▶ [EXERCISE] Return the data exactly, with all pictures removed.

▶ [INPUT DATA]

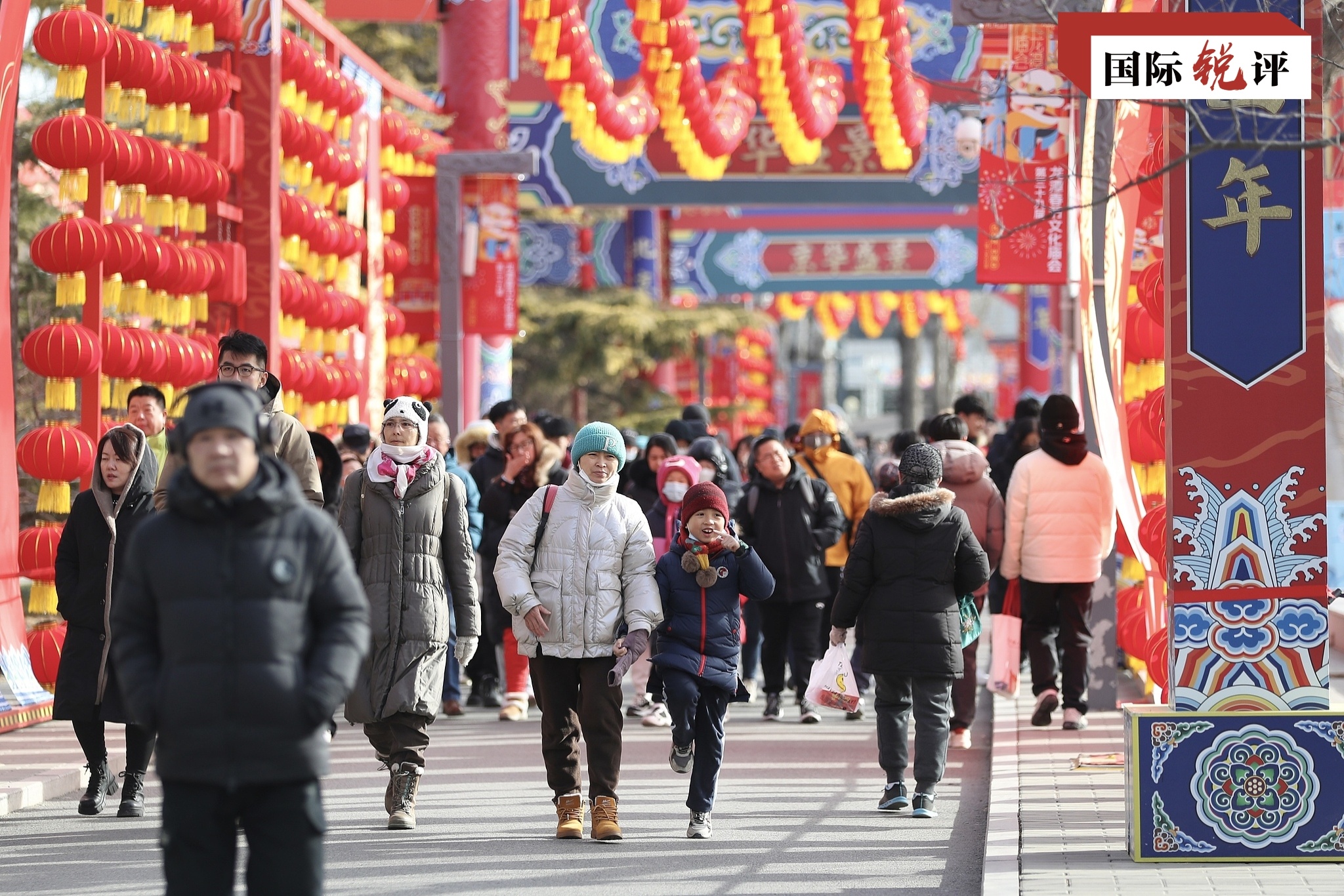 国际锐评丨“非遗版”春节给中国蛇年经济开了个好头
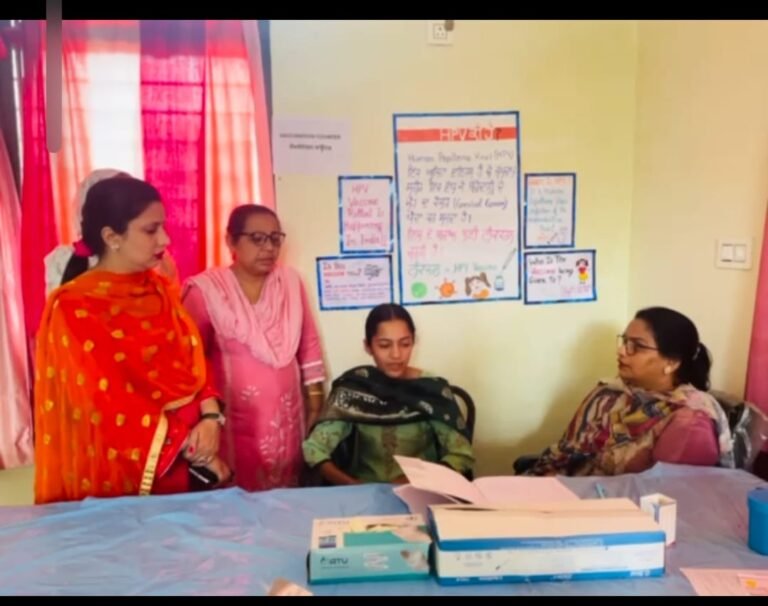 ਮੁਫ਼ਤ ਸਰਵਾਈਕਲ ਕੈਂਸਰ ਟੀਕਾਕਰਨ ਲਈ ਲਗਾਏ ਜਾ ਰਹੇ ਹਨ ਲਗਾਤਾਰ ਕੈਂਪ – ਜ਼ਿਲ੍ਹਾ ਟੀਕਾਕਰਨ ਅਫ਼ਸਰ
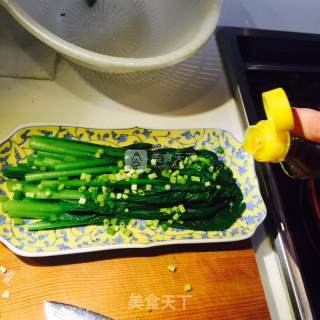 Oil-drenched Small Pine Cabbage recipe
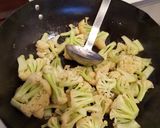 カリフローレのシャキシャキ炒め作り方4写真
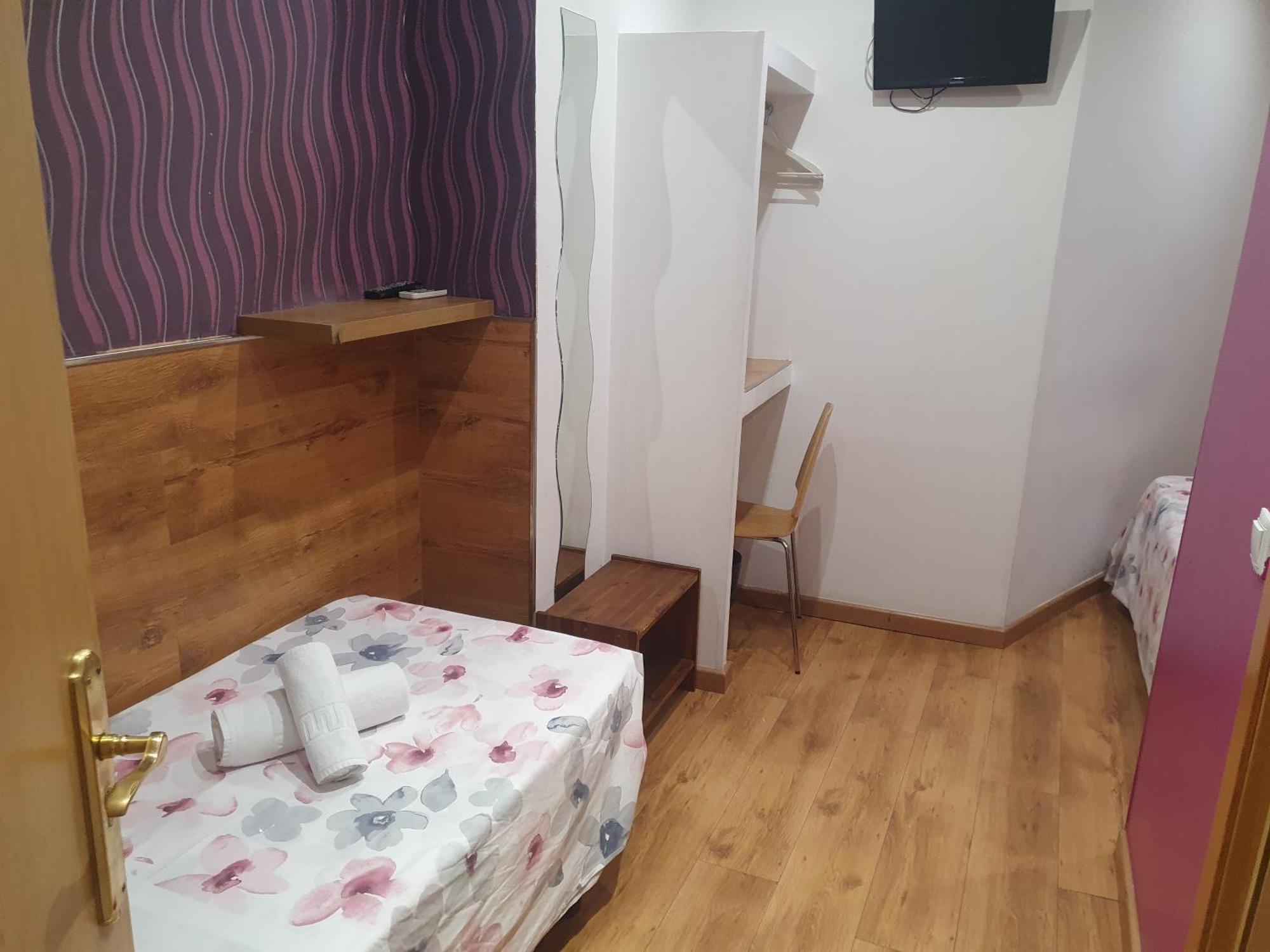Hostal Abel Victoriano Madrid Exterior photo
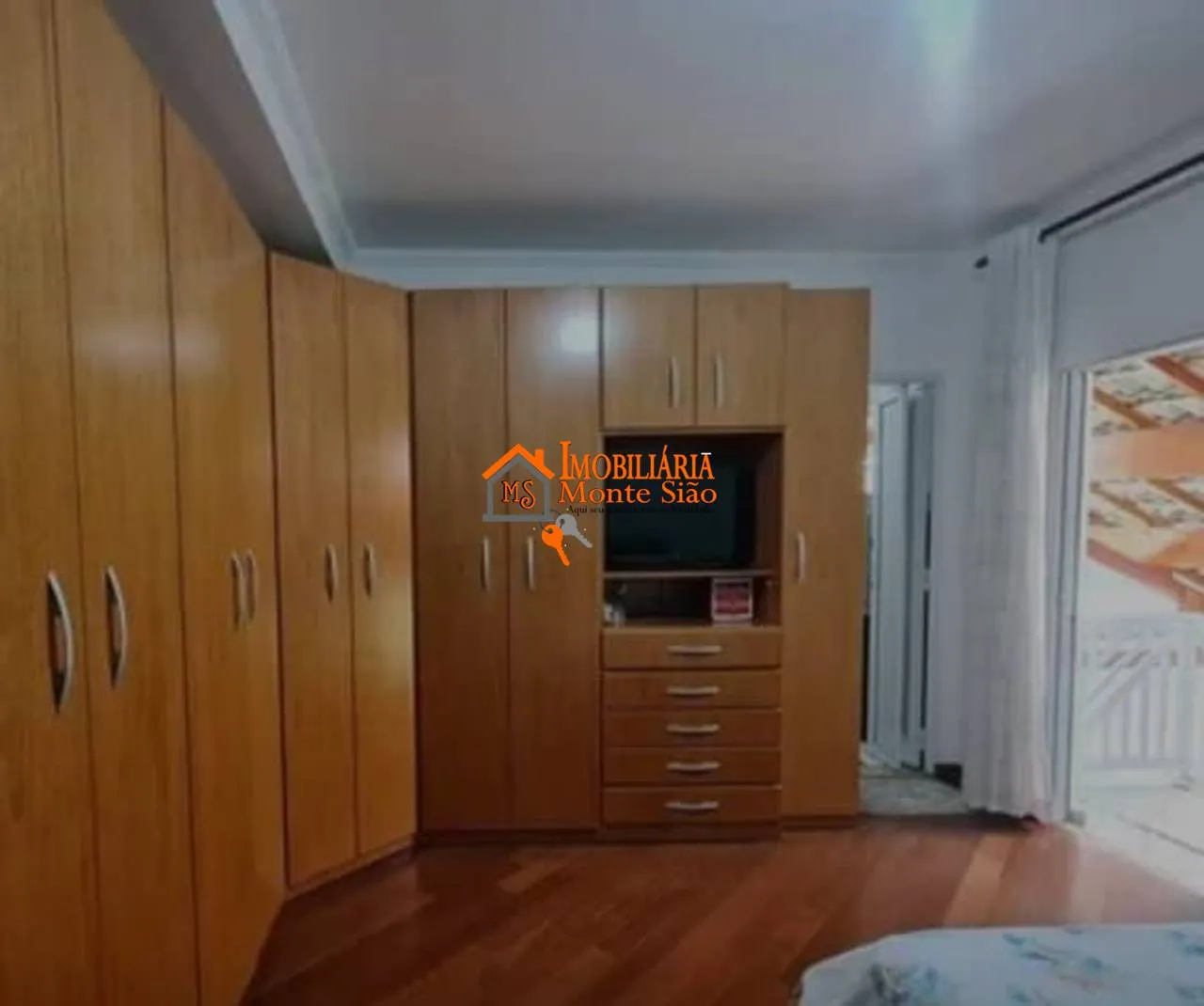 Imagem Sobrado com 4 dormitórios à venda, 250 m² por R$ 1.200.000,00 - Jardim Santa Mena - Guarulhos/SP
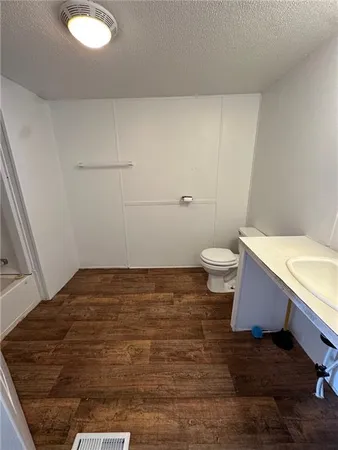 $950 | 187 Wildwood Drive, Buras, LA 70041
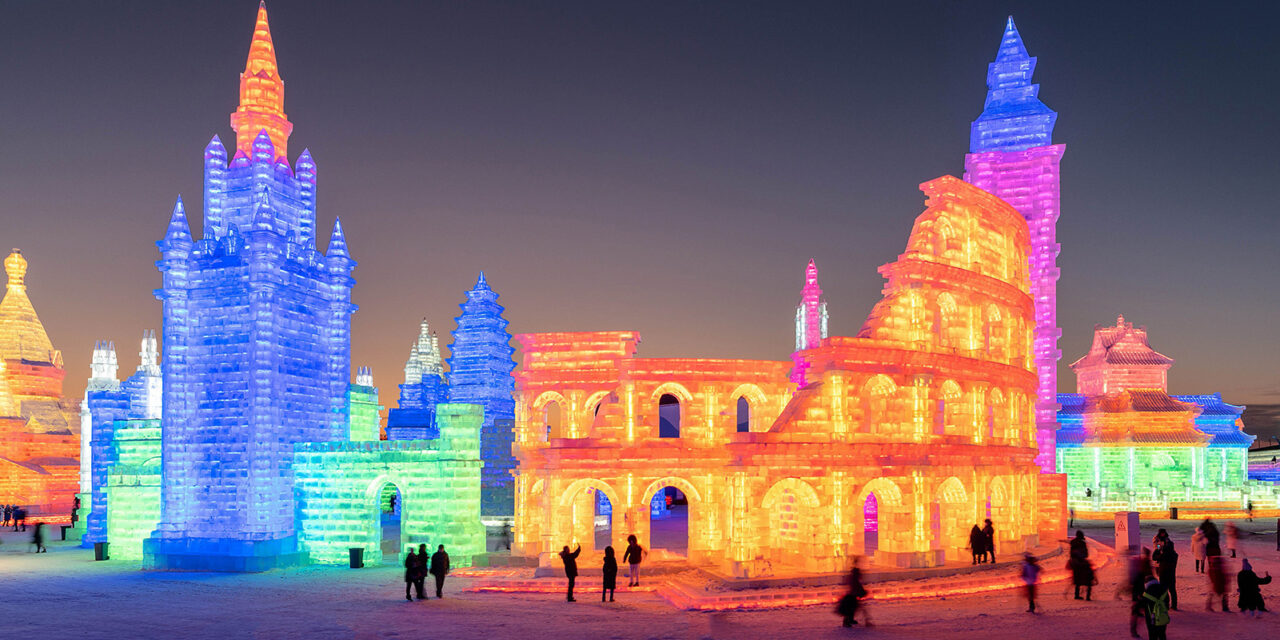 Κίνα: 220.000 κυβικά μέτρα πάγου μεταμορφώθηκαν σε φωτεινά κτίρια – Φαντασμαγορικές εικόνες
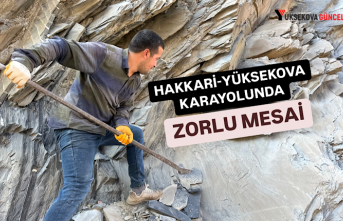 Hakkari-Yüksekova Karayolunda Zorlu Mesai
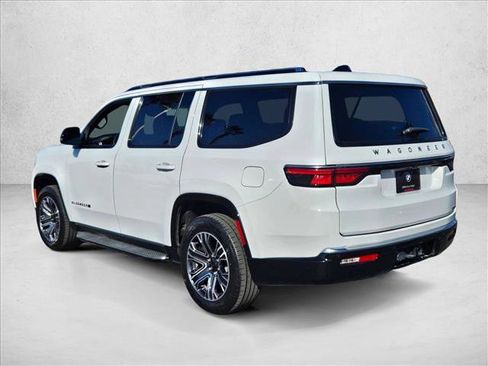 Used 2024 Jeep Wagoneer Series II w/ Flexible Seating Group image 8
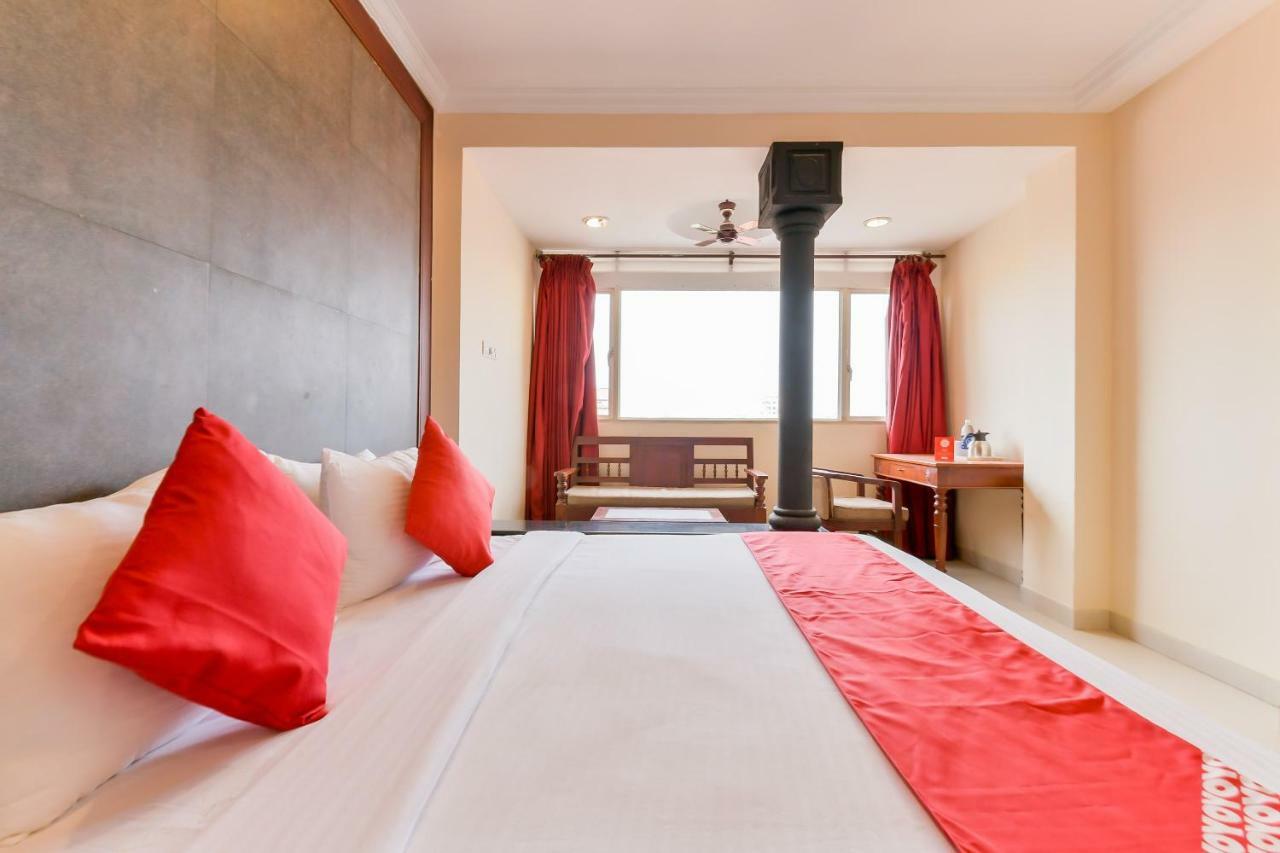 Hotel Oyo Flagship 45564 Woodlands Kochi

▶ [RESPONSE TO THIS TASK]
 国际锐评丨“非遗版”春节给中国蛇年经济开了个好头
 ਮੁਫ਼ਤ ਸਰਵਾਈਕਲ ਕੈਂਸਰ ਟੀਕਾਕਰਨ ਲਈ ਲਗਾਏ ਜਾ ਰਹੇ ਹਨ ਲਗਾਤਾਰ ਕੈਂਪ – ਜ਼ਿਲ੍ਹਾ ਟੀਕਾਕਰਨ ਅਫ਼ਸਰ
 Oil-drenched Small Pine Cabbage recipe
 カリフローレのシャキシャキ炒め作り方4写真
Hostal Abel Victoriano Madrid Exterior photo
 Imagem Sobrado com 4 dormitórios à venda, 250 m² por R$ 1.200.000,00 - Jardim Santa Mena - Guarulhos/SP
 $950 | 187 Wildwood Drive, Buras, LA 70041
 Κίνα: 220.000 κυβικά μέτρα πάγου μεταμορφώθηκαν σε φωτεινά κτίρια – Φαντασμαγορικές εικόνες
 Hakkari-Yüksekova Karayolunda Zorlu Mesai
 Used 2024 Jeep Wagoneer Series II w/ Flexible Seating Group image 8
 Hotel Oyo Flagship 45564 Woodlands Kochi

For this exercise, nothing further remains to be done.